Tre immigrati trattenuti nel centro d’espulsione di Crotone erano imputati per danneggiamento e resistenza a pubblico ufficiale. Il giudice non li punisce: erano lì illegittimamente e in condizioni al “limite della decenza” , quindi reagirono a "offese ingiuste".
Roma – 8 gennaio 2012 – Dal 9 al 15 ottobre scorso tre cittadini stranieri, un tunisino, un algerino e un marocchino, furono i protagonisti di una rivolta nel centro di identificazione ed espulsione di Isola capo Rizzuto, Crotone. Tra le altre cose, salirono sul tetto e lanciarono sulla Polizia suppellettili, rubinetti e grate. Lo fecero, però, per “legittima difesa” e quindi non risponderanno dei reati di danneggiamento e di resistenza a pubblico ufficiale.

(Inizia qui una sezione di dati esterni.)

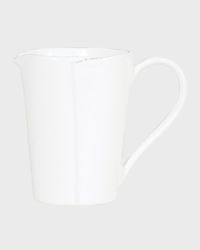 Melamine Lastra White Pitcher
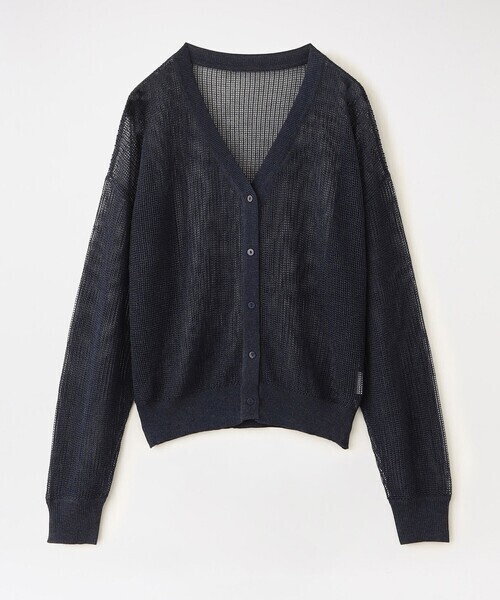 LOVELESS メッシュカーディガン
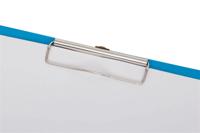 Klembordmap maul a4 staand met penlus lichtblauw | 12 stuks - thumbnail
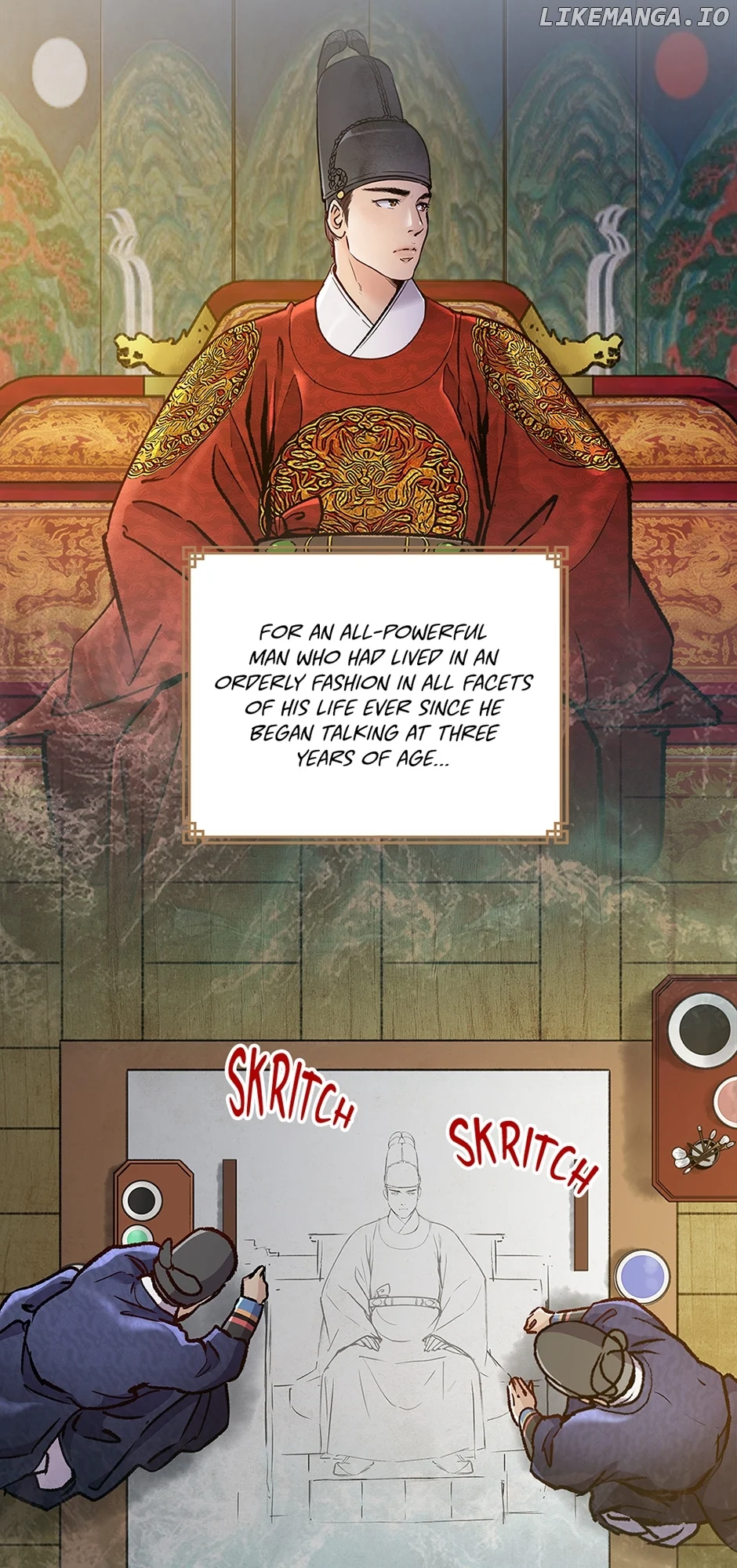 The Red Sleeve Chapter 116 - Page 56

Ad assolverli, il 12 dicembre scorso, è stato il Tribunale di Crotone, con il giudice Edoardo D'Ambrosio che ha sposato la linea dei difensori, gli avvocati Natale De Meco, Eugenio Naccarato e Giuseppe Malena. E non ha accolto la richiesta del pm Francesco Carluccio, che voleva una condanna a 1 anno e 8 mesi di reclusione.
Secondo D'Ambrosio, quella rivolta era una “difesa proporzionata all'offesa”. Innanzitutto perché i provvedimenti di trattenimento “erano privi di motivazione, e dunque illegittimi alla luce dell'articolo 15 della direttiva n. 115 del 2008, così come interpretato dalla Corte di Giustizia europea”. Omettevano infatti “del tutto l'indicazione delle ragioni specifiche in forza delle quali non era stato possibile adottare una misura coercitiva meno afflittiva del trattenimento presso il Cie”.
C’erano poi da considerare le condizioni di vita nel centro, con “materassi luridi, privi di lenzuola e con coperte altrettanto sporche, lavabi e “bagni alla turca” luridi, asciugamani sporchi, pasti in quantità insufficienti e consumati senza sedie né tavoli”. Strutture ”al limite della decenza”, cioè, ha spiegato il giudice, “non convenienti alla loro destinazione: che è quella di accogliere essere umani. E, si badi, esseri umani in quanto tali, e non in quanto stranieri irregolarmente soggiornanti sul territorio nazionale. Lo standard qualitativo delle condizioni di alloggio non deve essere rapportato a chi magari è abituato a condizioni abitative precarie, ma al cittadino medio, senza distinzione di condizione o di razza”.
Gli imputati sono stati quindi vittima di “offese ingiuste”, alle quali hanno opposto una “legittima difesa”. Senza alcuna sproporzione, anzi: “il confronto tra i beni giuridici in conflitto – si legge nella sentenza – è pacificamente a favore dei beni difesi (dignità umana e libertà personale), rispetto a quelli, offesi, del prestigio, efficienza e patrimonio materiale della pubblica amministrazione”.